Second batch of pictures are great too. Jenna looks happy to be modeling with all the dogs. 

That one on Bama giving Lea a smooch is perfect!


----------



## Carraig (Jan 4, 2008)

Bama is stunning Carol. You must be so proud of him. As I was saying to Jenna, Lea is no show dog. Her head is too long, she has a Roman nose. But she's beautiful to me. And that's all she has to be.


----------



## AquaClaraCanines (Mar 5, 2006)

Hey I LOVE those banana brains... *swoons*


----------



## Celeigh (Nov 29, 2007)

Oh, the Bama/Lea kissy picture is adorable!


----------



## missmarstar (Jul 22, 2007)

GREAT pics!!! i love em!!


----------



## bwoz (Jul 12, 2007)

Thanks for posting the pictures! All of them are great, but of course how could you not love Bama sneaking a kiss in a red convertible!


----------



## Joe (Apr 9, 2005)

Thank you so much for posting these pictures. I just came home and I was right away on the internet checking to see them. This is so awesome and I am so proud of you guys.


----------



## AquaClaraCanines (Mar 5, 2006)

Joe you ultimately made this ALL possible!


----------



## MaddieMagoo (Aug 14, 2007)

THis truly is a touching story...glad you guys are the great ones doing this!! Thanks!


----------



## Oaklys Dad (Dec 28, 2005)

AquaClaraCanines said:


> Joe you ultimately made this ALL possible!

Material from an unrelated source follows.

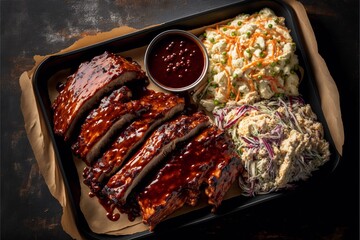 Wall Mural - A tray of perfectly cooked, tender ribs, glazed with a BBQ sauce, with a side of creamy coleslaw and buttery mashed potatoes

Great point Jenna...If not for a strong a vibrant, diverse forum like this Lea could very well be in a noisy kennel right now on death row and not crashed in a loving home awaiting the next leg of her journey to her forever home.


----------



## AndyFarmer (Jul 9, 2007)

I LOVE the convertible  Oh yeah, and the dogs too lol. Great pics you guys!!


----------



## Hali's Mom (Oct 5, 2006)

Thanks for the pictures guys, and that kissy picture has to be included when Carrig writes this all up. Safe journeys to all going forward.:smooch:


----------



## Goldmom42 (Oct 17, 2007)

I think this thread proves that while we all know how special goldens are-we now see that their owners are special too. Good luck on the rest of the transport.


----------



## Merlins mom (Jun 20, 2007)

Those are GREAT pictures!! Thanks for posting them and allowing us to come along on the journey with you! Just awesome!!


----------



## gold'nchocolate (May 31, 2005)

I love the pictures. Jenna you look great. I have to say, though, that I am jealous of the short sleeved shirt you are wearing (in January) and the tree with leaves on it!!


----------



## Old Gold Mum2001 (Feb 25, 2007)

Lea looks like she's having a great time meeting everyone, traveling, just taking it all in and smiling away


----------



## TheHooch (May 9, 2007)

Great job with the pictures B!!!! I hope you remembered to give Jenna that hug I sent by ya.


----------